• **PROBLEM DETAILS**:
Exact reproduction required: the lines below from the line with "Former SS guard" to the line with "Tandragee-based electrical engineering", both ends included, and no others.

• **GIVEN DATA**:
--- START ---

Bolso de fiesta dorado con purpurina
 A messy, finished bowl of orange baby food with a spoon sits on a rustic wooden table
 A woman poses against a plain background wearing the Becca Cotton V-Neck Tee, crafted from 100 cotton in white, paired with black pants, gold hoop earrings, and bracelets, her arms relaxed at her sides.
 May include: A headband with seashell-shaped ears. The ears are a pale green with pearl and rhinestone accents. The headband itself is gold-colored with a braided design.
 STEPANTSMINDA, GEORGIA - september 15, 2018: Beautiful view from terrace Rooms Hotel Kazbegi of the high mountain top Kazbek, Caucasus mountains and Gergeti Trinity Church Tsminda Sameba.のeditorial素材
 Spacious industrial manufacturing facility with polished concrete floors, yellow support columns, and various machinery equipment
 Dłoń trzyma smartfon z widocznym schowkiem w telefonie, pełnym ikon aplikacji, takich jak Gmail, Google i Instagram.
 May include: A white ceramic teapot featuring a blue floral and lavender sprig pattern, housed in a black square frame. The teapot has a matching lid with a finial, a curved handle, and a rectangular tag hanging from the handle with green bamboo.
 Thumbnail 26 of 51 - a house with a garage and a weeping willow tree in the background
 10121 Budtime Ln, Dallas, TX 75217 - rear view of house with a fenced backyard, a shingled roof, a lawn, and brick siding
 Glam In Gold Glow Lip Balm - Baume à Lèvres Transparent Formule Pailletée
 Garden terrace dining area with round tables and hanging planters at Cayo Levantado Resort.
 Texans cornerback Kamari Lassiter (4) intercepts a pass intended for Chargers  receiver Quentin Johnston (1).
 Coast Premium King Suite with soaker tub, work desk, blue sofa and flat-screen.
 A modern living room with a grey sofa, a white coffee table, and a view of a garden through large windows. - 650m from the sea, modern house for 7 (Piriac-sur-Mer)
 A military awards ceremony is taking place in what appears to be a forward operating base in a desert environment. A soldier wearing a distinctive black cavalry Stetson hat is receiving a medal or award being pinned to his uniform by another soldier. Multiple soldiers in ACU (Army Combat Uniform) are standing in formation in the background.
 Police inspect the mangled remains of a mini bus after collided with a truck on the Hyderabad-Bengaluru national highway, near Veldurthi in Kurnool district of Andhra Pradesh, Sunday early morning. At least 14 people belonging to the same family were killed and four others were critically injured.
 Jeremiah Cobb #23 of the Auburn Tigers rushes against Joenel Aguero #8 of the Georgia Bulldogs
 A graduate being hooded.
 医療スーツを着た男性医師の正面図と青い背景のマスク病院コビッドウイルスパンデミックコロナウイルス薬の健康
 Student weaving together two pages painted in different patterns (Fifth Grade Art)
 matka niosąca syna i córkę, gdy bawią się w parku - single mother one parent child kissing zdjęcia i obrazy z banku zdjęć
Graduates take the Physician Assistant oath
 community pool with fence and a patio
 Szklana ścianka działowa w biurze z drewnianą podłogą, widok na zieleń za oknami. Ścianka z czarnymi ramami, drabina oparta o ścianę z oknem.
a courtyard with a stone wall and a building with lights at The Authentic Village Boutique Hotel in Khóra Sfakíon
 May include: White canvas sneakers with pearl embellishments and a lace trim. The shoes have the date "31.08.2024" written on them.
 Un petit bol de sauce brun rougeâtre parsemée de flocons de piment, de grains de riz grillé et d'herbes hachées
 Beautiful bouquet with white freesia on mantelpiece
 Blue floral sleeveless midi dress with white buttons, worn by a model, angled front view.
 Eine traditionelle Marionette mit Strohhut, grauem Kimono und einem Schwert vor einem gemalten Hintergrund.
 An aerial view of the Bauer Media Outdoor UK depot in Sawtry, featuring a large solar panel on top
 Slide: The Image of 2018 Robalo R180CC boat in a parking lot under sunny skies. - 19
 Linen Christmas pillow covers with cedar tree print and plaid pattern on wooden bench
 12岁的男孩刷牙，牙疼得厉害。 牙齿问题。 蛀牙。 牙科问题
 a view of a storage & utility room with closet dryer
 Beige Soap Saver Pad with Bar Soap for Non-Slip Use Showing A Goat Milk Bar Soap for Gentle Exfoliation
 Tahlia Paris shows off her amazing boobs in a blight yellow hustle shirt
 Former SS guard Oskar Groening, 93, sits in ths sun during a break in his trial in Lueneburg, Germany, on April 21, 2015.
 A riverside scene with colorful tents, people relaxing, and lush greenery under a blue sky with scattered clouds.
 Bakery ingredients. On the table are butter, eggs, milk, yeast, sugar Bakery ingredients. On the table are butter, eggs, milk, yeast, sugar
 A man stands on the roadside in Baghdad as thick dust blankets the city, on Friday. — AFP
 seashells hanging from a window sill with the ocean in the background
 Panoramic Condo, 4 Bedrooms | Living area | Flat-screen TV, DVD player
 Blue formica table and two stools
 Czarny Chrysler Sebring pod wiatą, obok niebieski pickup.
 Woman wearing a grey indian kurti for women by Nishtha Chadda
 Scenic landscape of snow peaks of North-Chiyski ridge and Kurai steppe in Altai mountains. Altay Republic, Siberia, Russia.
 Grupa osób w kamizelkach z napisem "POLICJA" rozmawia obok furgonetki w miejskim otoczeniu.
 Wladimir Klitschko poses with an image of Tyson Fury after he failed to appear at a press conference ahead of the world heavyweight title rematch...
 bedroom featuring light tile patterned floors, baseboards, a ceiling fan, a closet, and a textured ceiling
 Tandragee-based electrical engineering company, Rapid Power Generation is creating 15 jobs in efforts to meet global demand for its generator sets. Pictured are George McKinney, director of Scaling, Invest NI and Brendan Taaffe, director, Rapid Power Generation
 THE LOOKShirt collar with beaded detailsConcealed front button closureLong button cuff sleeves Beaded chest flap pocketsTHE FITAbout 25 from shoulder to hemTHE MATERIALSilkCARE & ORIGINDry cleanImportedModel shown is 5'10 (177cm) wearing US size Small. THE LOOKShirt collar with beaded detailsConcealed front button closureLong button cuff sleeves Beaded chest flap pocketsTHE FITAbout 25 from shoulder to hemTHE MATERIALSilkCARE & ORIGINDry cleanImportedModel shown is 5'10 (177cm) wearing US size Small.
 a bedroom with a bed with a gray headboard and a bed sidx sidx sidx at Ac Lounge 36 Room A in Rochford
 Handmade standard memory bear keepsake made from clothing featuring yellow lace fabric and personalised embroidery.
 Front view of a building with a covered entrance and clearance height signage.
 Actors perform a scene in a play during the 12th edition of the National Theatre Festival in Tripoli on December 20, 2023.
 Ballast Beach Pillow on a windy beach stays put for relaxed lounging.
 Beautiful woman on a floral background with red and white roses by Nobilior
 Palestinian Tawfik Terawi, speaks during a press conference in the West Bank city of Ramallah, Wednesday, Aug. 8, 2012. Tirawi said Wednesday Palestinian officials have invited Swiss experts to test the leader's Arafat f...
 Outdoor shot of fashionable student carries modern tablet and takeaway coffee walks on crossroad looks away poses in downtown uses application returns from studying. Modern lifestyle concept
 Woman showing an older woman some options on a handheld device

--- END ---

• **RESPONSE BELOW**:
 Former SS guard Oskar Groening, 93, sits in ths sun during a break in his trial in Lueneburg, Germany, on April 21, 2015.
 A riverside scene with colorful tents, people relaxing, and lush greenery under a blue sky with scattered clouds.
 Bakery ingredients. On the table are butter, eggs, milk, yeast, sugar Bakery ingredients. On the table are butter, eggs, milk, yeast, sugar
 A man stands on the roadside in Baghdad as thick dust blankets the city, on Friday. — AFP
 seashells hanging from a window sill with the ocean in the background
 Panoramic Condo, 4 Bedrooms | Living area | Flat-screen TV, DVD player
 Blue formica table and two stools
 Czarny Chrysler Sebring pod wiatą, obok niebieski pickup.
 Woman wearing a grey indian kurti for women by Nishtha Chadda
 Scenic landscape of snow peaks of North-Chiyski ridge and Kurai steppe in Altai mountains. Altay Republic, Siberia, Russia.
 Grupa osób w kamizelkach z napisem "POLICJA" rozmawia obok furgonetki w miejskim otoczeniu.
 Wladimir Klitschko poses with an image of Tyson Fury after he failed to appear at a press conference ahead of the world heavyweight title rematch...
 bedroom featuring light tile patterned floors, baseboards, a ceiling fan, a closet, and a textured ceiling
 Tandragee-based electrical engineering company, Rapid Power Generation is creating 15 jobs in efforts to meet global demand for its generator sets. Pictured are George McKinney, director of Scaling, Invest NI and Brendan Taaffe, director, Rapid Power Generation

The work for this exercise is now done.